It’s a bold move, Oxford, but hopefully a successful one.
Since Margot Krasojevic’s conceptualization of the dragonfly bridge, it was only about time that flying vehicles came to light. Dubai is fast-tracking this reality, test-flying a two-seater taxi drone that transports passengers autonomously.
The [Autonomous Air Taxi] is environmentally friendly, powered by electricity, and the prototype version has a maximum flight time of 30 minutes, at a cruising speed of 50 km/h (31 mph), and a maximum airspeed of 100 km/h (62 mph).
As it would, the notion of a crew-less flying taxi may be somewhat petrifying. However, the AAT comes with emergency parachutes and batteries, so you can rest — or fly — easy. Developers also plan to create an accompanying booking app, much like Uber, but for the skies.
“Encouraging innovation and adopting the latest technologies contribute not only to the country’s development but also build bridges into the future,” Dubai Crown Prince Sheikh Hamdan bin Mohammed said in a statement.
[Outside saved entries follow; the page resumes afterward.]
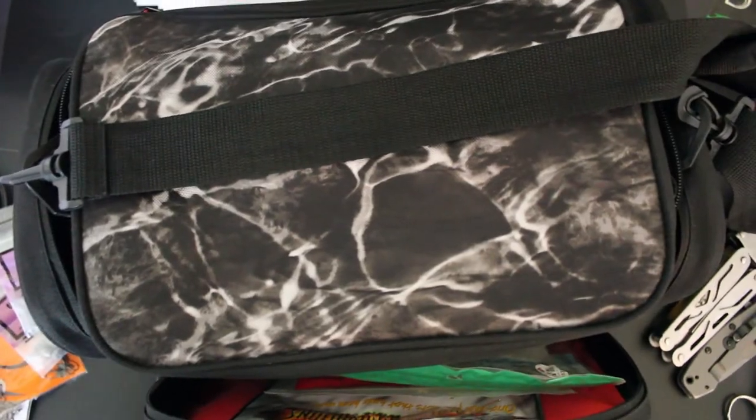So there you guys have it — that's my bass fishing tackle box. It's pretty much just the most essential baits packed into a travel size bag, which I take with me pretty much everywhere I go bass fishing. Let me know if you like this video — I'll do more because I have a fly fishing bag and a saltwater bag. Leave a like, subscribe, and I will see you in the next video.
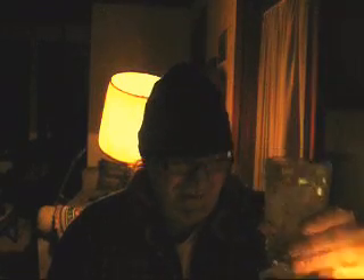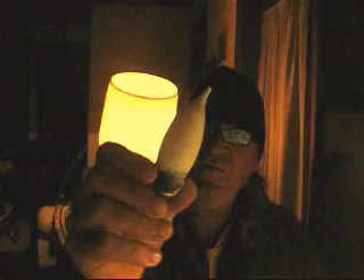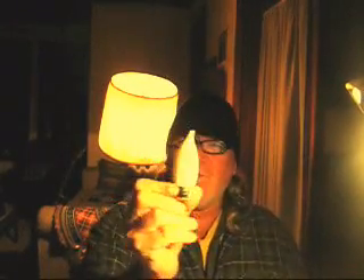I've rediscovered the majesty of ginger ale. It tastes far better than beer. Here's an exact replica of the light bulb I've got out in the front yard, except it's clear.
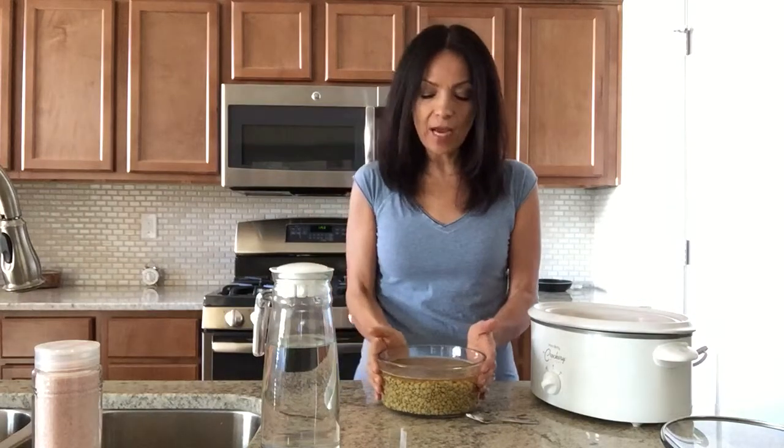Hello everybody and welcome to Living Plant-Based with Rosie. Today I will be making lentils for dinner and I want to show you guys how easy, simple, and delicious it is to eat plant-based.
Dubai hopes that by 2030, 25% of transportation methods will be autonomous. With many organizations working towards a more efficient traveling system, there is much to look forward to in the future.
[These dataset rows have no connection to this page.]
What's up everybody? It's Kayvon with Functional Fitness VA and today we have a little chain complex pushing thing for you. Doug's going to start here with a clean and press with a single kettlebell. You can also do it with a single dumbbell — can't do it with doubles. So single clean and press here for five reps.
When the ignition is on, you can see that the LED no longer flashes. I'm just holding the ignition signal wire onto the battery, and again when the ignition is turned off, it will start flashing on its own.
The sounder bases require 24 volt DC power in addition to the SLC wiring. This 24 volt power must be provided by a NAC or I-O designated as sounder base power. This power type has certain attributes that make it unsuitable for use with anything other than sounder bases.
As a solar-powered train, it may not be the first, but Byron Bay’s eco-railway is completely emissions-free. Carrying up to 100 passengers, the refurbished antique-on-wheels is a breakthrough in clean commuting.
“Of course the major difference is it’s got solar panels on the roof so it can recharge itself. For those cloudy days we’ve also got 30 kilowatts of solar panels in this [station’s] roof here so we can also plug it in.” [says mastermind and businessman Brian Flannery.]
The resort-owner-slash-techie hopes the train will also draw in tourists. Still, the project itself is a giant leap towards greener transport systems. The “red rattler” is also bringing disused tracks back into business, drawing old and new together.
“I think everyone knows that Byron’s very conscious about anything to do with the environment,” [Byron Bay Railroad Company’s Jeremy Holmes] said. It’s really nice to be able to run a train that’s zero emissions and powered by the sun.”
Running on a three-kilometer track, the solar train has (literally) a long way to go. But I can’t say I’m not impressed with where it stands.
We are entering an era of electric automobiles. From buses to taxis, morning commutes are now all about saving energy. However, these Dutch students are taking the next step in environmentally-friendly technology. They have grown an electric biodegradable car made of sugar beets and flax.
The car is covered with sheets of Dutch-grown flax, has a similar strength-to-weight ratio to fiberglass and weighs only 310kg.
“Only the wheels and suspension systems are not yet of bio-based materials,”
Unfortunately, there is no word on the sweet ride’s commercial development, as it wouldn’t sustain a crash. Still, the team at the Eindhoven University of Technology hopes to at least give it a run. After all, the car (named Lina), proves a vital point.
“Energy that is saved while driving the car is now spent during the production phase,”
Lina, which uses minimal energy in-drive, also uses minimal energy to produce. Hopefully, if not Lina, a car equally as efficient hits the road in the near future.
After its record-breaking tree-planting stint, it seems India is going full-steam ahead on the sustainability train. And I mean literally. India just launched a 12.5-mile routed solar-powered train that runs for up to 72 hours on a single charge.
The diesel-electric hybrid train has six coach cars with solar panels embedded in their roofs. Roughly 50 solar-harvesting coaches are set to be launched in the next several days, running primarily along commuter routes.
The new design is not only an attempt at convenience for commuters, it’s also aiming towards producing renewable energy.
The new trains are a part of Indian Railways’s plan to establish an energy-generation capacity of 1 gigawatt of solar and 130 megawatts of wind power in the next five years. The state-owned company has been using train-mounted solar panels since 2015 to power interior lights and air conditioning, but their newest train is the first in the world to use solar power.
India’s efforts towards becoming a more energy-conscious country are not going unnoticed. The U.K. also plans to start manufacturing solar-powered trains in the near future. Congratulations, India!